Serial samples in four patients were obtained with at least one timepoint being during AR-directed therapy, as shown in FIGS. 29A-D. For patient PB078 (FIG. 29A), EnhanceAR-Seq detected no evidence of AR/enhancer alterations at enrollment, and AR-V7 detection in CTCs was also negative. At 19 and ˜45 weeks later, EnhanceAR-Seq revealed significantly elevated copy number amplification of both the AR gene body and enhancer, while the patient was actively developing resistance to enzalutamide followed by abiraterone. The CTC AR-V7 assay also became positive at ˜45-weeks. Patients PB087 and PB203 similarly showed rapid increases in AR/enhancer copy number on enzalutamide and abiraterone, respectively, while AR-V7 testing remained negative (FIGS. 29B and 29C). Cell-free AR/enhancer amplification preceded rise in PSA and clinician-recognized resistance leading to therapy change. For patient PB140 (FIG. 29D), AR/enhancer copy numbers increased more subtly on serial analysis, however in this case the baseline copy numbers for AR and its enhancer were already >8-fold elevated; reflective of this, the patient progressed rapidly 6 weeks after study enrollment and died from mCRPC at 22 weeks. These data demonstrate the value of using cell-free DNA based AR/enhancer analysis as a precision modality to monitor treatment resistance in metastatic prostate cancer patients undergoing AR-directed therapy. These data additionally support the potential value of serial timepoint analysis, especially in the secondary resistance setting where AR/enhancer amplification may not be apparent at baseline. These data further show that the assay may be used to inform clinicians when to trial a different AR-directed treatment (when AR/enhancer copy numbers remain low) or switch to a different therapy-type altogether (when AR/enhancer copy numbers have risen high)

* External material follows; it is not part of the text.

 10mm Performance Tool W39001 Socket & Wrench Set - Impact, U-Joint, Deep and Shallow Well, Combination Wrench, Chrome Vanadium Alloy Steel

At the conclusion of the study, it was shown that EnhanceAR-Seq outperformed the CTC AR-V7 test utilized clinically (compare FIG. 26 with FIG. 23B). Within the study cohort, nearly every patient with detectable alterations in AR or its enhancer in cell-free DNA developed resistance and progressed despite a relatively short follow-up period. AR/enhancer alterations were associated with significantly worse PFS and OS. In contrast, the Genomic Health CTC AR-V7 assay was positive in only 8% of tested cases and did not correlate significantly with outcomes.

Example 12: Cell-Free Alterations in the AR/Enhancer Locus Measured Before AR Signaling Inhibition Portend Poor Overall Survival in Metastatic Castration Resistant Prostate Cancer Patients

A study was conducted to determine whether AR/enhancer genomic alterations detected in plasma cell-free DNA prior to the administration of first-line AR-selective inhibitors (ARSIs) can predict survival in metastatic castration resistant prostate cancer (mCRPC) patients. EnhanceAR-Seq was applied to plasma cell-free DNA isolated from 20 mCRPC patients. Assay results were correlated with patient overall survival (OS) and progression-free survival (PFS) from the time of blood collection.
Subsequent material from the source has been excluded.